Op-ed • “The View from the Field,” by Eric Dontigney •


I’m a writer.

That is one of the loneliest sentences in the world, for a host of reasons. Tell someone you’re a doctor or an accountant, they get a decent picture of what you do. The details might be wrong, but the gist is accurate. Tell someone you’re a writer and it evokes images of Hemingway in Paris or that pale, creepy guy hunched over a laptop at Starbucks. Cue the explanation that almost no professional writer fits those stereotypes.

Paris? Hell, Starbucks is out of the price range of many working writers. The median salary for journalists is around $40K a year, assuming you can get the job. Copywriters do a little better. Fiction writers? Ha! The average novel advance runs between $5K and $15K before taxes. Short stories? 6 cents a word is the professional pay rate. Of course, you must write the novels and short stories first. Then try to place them with magazines, agents or publishers.

You do most of it alone. You write by yourself. You revise by yourself. You develop query letters by yourself. You get rejection letters by yourself. You’re probably poor while doing most of it, so you beg off social engagements that cost money. You beg off free events because you need to write. It’s a lonely, lonely business.

Hi, I’m Eric. I’m a writer, and I feel your pain.

I’ve been writing in the non-school assignment way for around 20 years. It’s been my main occupation for about 10 years. My passion is fiction writing, but the bulk of my income comes from ghostwriting blogs and articles. I’ve also written ad copy, white papers, and ebooks for clients. I self-published a few novels. I made many mistakes along the way. With luck, I can help you avoid the worst of them.

First things first, let’s talk about college. If you want to be a scientist, an engineer or a lawyer, you must go to college. If you want to be a writer, though, college is optional. Get a library card and subscriptions to The New York Times, The Atlantic Monthly, and Popular Science. Pick up copies of Strunk & White’s Elements of Style, Anne Lamott’s Bird by Bird, King’s On Writing, and Zinsser’s On Writing Well. Spend four years soaking up everything those resources offer. Read every day. Write for two hours a day. Forget that adverbs exist.

You will become a better writer and save a lot of money.

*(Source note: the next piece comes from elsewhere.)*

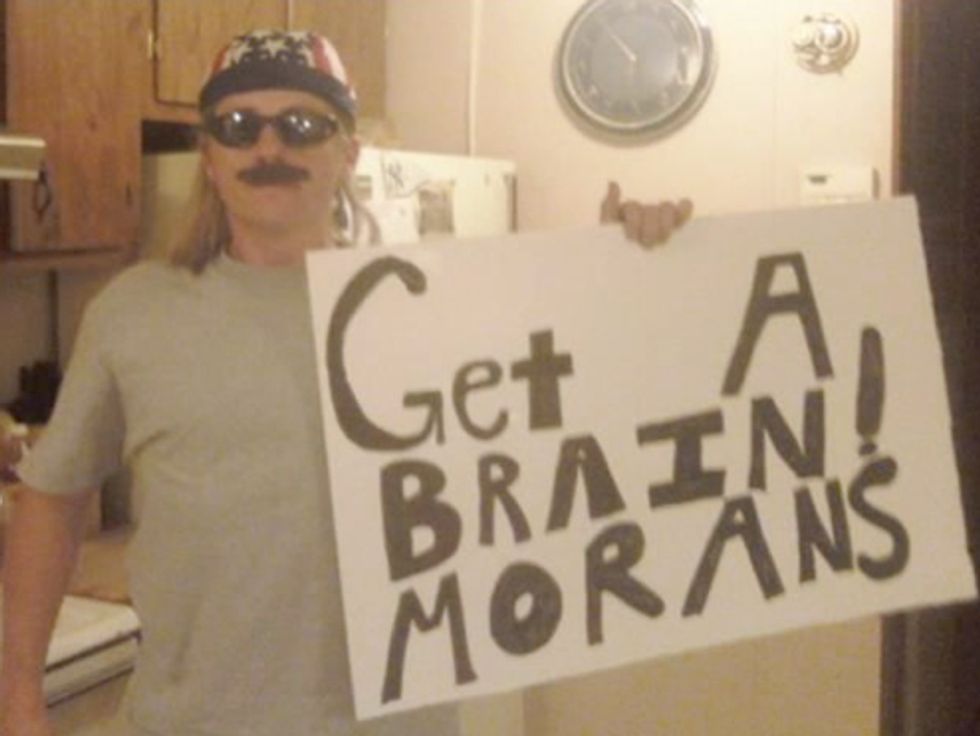 HALLOWEEN IDEAS: Dress Like A Popular Internet Picture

While you’re doing all of that, join a writing group. You don’t like people? You hate social situations? Join a writing group anyway. Social contact supports your mental well-being, a notorious weak spot for writers. Exposure to other writers helps you identify and correct the flaws in your writing. It also forces you to develop a thick skin. That’s important and you’ll need it later.

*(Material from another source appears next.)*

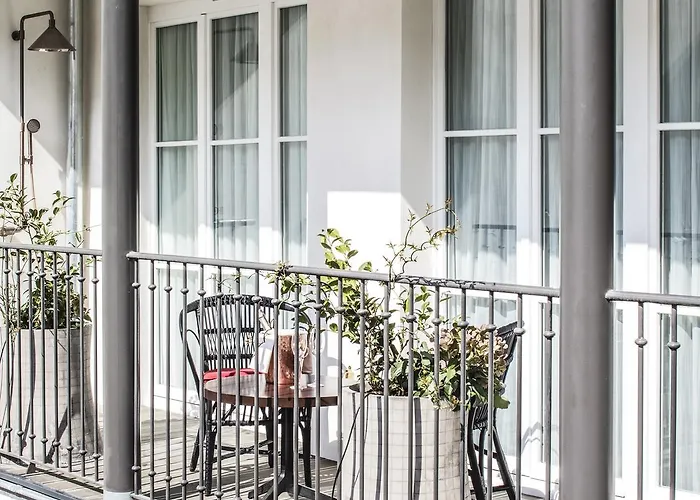 Les Bains 5* פריז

Now, we come to the hard part. Did you just blink? Yeah, all of that other stuff was just the pre-game. You must submit your work to magazines or send query letters to agents and editors. You will get rejected over and over again. I know. I still have a folder somewhere stuffed with rejection letters.

Now, for the love of God, don’t do what I did. I’d reached the point where editors were sending personalized rejections to my short story submissions. For the record, that’s a good indication that you’re close to producing publishable work. I was too inexperienced and my ego too fragile to internalize that fact. I never developed that all-important thick skin. The rejections wore me down. I all but quit writing fiction for years. I went college. I racked up a staggering amount of debt.

Fast forward to after college. An aunt brought NaNoWriMo to my attention and I decided to give it a go. I wrote a book, or most of one, in 30 days. By some miracle, I wrote a novel that hung together on a plot level. The characters were, if not original, original enough. It was okay. Then, I made a bunch of mistakes.

What the book needed was about 5 more drafts and input from a genre-conscious writing group. It got none of that. I also never bothered to query agents about it. Nope, not this guy. I went straight to self-publishing. Blame it on a dysfunction cocktail of ego, fear of rejection, and raw impatience. I’d written a book. I wanted it out in the world where people could read it. The book wasn’t ready and I knew nothing about marketing. Predictably, family and typo-tolerant friends were my only readers.

I wrote two more books in the same world out of pure love for the characters. Both sequels are vast improvements on the first. Unfortunately, committing that first book to self-publishing condemned the sequels to the same fate. While some people make self-publishing work for them, it’s a hard road with lots of pitfalls. I suspect I fell into most of them.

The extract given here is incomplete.